Portrait of Albrecht Dürer
Unknown German Artist
2.5 in. (6.35 cm)
Medium and Support:
Engraving on paper
Lent by William and Nancy Bartley
This work is not currently on view
The German painter, draughtsman, and printmaker Albrecht Dürer enjoyed extraordinary fame during his own lifetime. In addition to several self-portraits, he was the subject of numerous portraits by other artists. One of the earliest of these was a medal designed in 1520 by fellow Nuremberg native Hans Schwarz, which enjoyed great popularity and was reissued upon Dürer’s death in 1528. Danish engraver Melchior Lorch designed a print version of Dürer’s portrait around 1550, drawing perhaps on Schwarz’ medal as well as the artist’s own self-images. This engraving was likely designed after one of these earlier objects.
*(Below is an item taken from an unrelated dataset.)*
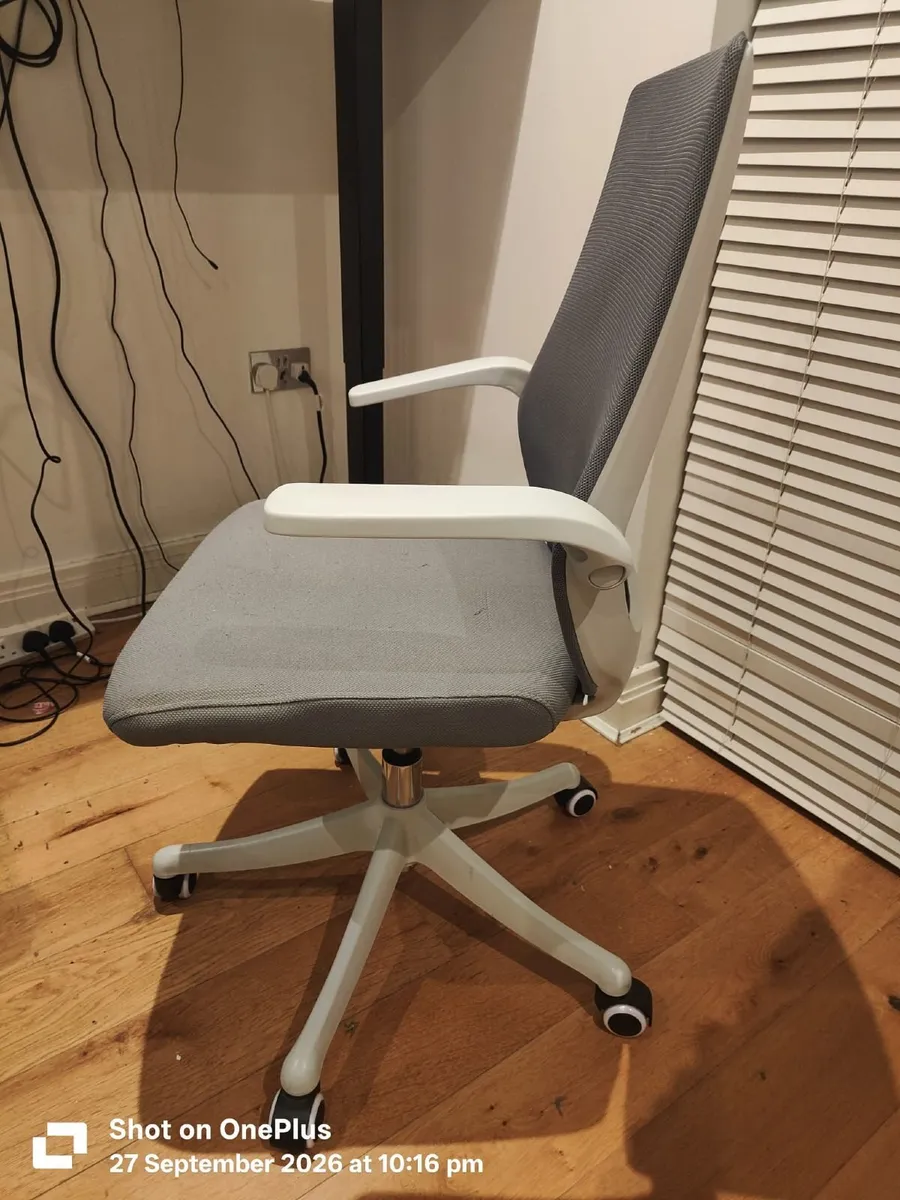 SIHOO Ergonomic Office Chair - Image 1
In it, Dürer faces to the right, his characteristically long, curling hair flowing down over his shoulders. Bearded, he wears a fur-trimmed robe over a high-collared shirt, and looks firmly into the distance. Around him, a Latin inscription announces his primacy among artists: ALBERTUS DURERUS NORICUS INTER PICTORES OMNIUM AETATUM FACILE PRINCEPS (Albrecht Dürer of Nuremberg, easily the greatest among the painters of every age).